The timing of the issue takes advantage of the recent fall in borrowing costs across the Euro-Zone, primarily due to European Central Bank (ECB) monetary policy suppressing long-term bond yields.
Last month, Inigo Fernandez de Mesa, Head of the Spanish Treasury, was quoted as saying: “We don’t rule out making a 50-year private placement since demand for ultra-long maturities among international investors has intensified,” in an interview for Spanish newspaper ‘Expansion’. In a press statement, the Spanish Treasury confirmed that the 50-year issuance “is aimed at spreading debt over a longer term and diversifying Spain’s investor base.”
The Importance of Funding
Fifty year bonds are of particular interest to insurers and pension funds because they are attracted by the ultra-long maturities, whereas the funds industry is likely to be less interested. Spanish bond yields on the secondary market and yields on new issuance are at record lows with the 10-year benchmark trading close to 2.5% compared with 4.15% at the end of July 2013.
Spain’s economy is expected to grow by 1.3% in 2014 and 2.0% in 2015, according to the Spanish central bank, having been revised from 1.2% and 1.7% respectively. In fact, after facing so many economic disappointments and hardships, including a 50% youth unemployment rate, Spain has had one of the highest growth rates in the Euro-Zone over the past two quarters.

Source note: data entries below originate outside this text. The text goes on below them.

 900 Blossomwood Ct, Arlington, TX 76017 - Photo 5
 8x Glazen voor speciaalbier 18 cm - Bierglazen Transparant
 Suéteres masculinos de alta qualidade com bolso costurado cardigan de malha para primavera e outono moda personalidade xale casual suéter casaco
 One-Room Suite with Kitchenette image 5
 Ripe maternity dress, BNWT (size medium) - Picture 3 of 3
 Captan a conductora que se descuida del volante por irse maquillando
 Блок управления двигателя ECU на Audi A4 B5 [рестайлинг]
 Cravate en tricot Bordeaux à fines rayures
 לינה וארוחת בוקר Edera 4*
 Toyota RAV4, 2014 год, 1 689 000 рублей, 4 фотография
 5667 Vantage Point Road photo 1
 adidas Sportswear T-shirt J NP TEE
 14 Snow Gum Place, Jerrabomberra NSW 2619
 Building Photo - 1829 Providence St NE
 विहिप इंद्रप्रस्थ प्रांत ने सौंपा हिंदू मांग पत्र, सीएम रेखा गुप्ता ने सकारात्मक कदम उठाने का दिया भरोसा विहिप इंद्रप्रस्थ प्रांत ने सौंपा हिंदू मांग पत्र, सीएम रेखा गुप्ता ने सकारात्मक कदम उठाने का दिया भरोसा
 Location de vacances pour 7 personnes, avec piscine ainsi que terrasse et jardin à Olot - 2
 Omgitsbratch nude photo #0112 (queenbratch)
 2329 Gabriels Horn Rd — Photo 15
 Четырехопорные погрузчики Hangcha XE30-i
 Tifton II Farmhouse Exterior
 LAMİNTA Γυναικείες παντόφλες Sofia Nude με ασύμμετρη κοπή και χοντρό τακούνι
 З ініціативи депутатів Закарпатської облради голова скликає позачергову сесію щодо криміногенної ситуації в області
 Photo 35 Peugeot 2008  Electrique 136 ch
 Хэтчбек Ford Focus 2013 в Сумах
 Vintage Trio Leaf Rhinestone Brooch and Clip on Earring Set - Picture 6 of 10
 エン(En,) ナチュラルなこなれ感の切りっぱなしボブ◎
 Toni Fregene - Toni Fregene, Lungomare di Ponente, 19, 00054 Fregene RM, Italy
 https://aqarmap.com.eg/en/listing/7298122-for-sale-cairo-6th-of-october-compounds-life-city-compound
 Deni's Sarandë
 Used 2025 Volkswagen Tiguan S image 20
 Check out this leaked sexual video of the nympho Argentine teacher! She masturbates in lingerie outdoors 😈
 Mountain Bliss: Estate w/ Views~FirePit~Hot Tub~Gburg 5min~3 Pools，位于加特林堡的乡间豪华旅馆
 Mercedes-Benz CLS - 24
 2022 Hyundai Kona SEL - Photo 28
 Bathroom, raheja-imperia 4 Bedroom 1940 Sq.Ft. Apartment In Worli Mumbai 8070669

The improving economic conditions have certainly perked up investor interest in the country’s debt markets. As worries over Spain’s creditworthiness subside, yields on its government debt have tended to trend lower alongside improving investor confidence. In January of this year, Spain’s 10-year bond sale for €10 billion received almost €40 billion in demand and at its inaugural issuance of an inflation-indexed bond in May, the desired €5 billion sale attracted over €20 billion in bids from investors.
Why the Long Face?
Spain’s borrowing costs have gone through a roller coaster ride over the past 7 years as a direct result of its fiscal policy, as well as a loss of confidence in its banking system. The Global Financial Crisis (GFC) in 2008 had a knock-on effect on several European countries, including Spain, who were unceremoniously dubbed the ‘PIIGS’ (Portugal, Ireland, Italy, Greece and Spain) due to severe fiscal imbalances and under-capitalisation of their banking systems, combined with large losses linked to the sub-prime housing market in the US.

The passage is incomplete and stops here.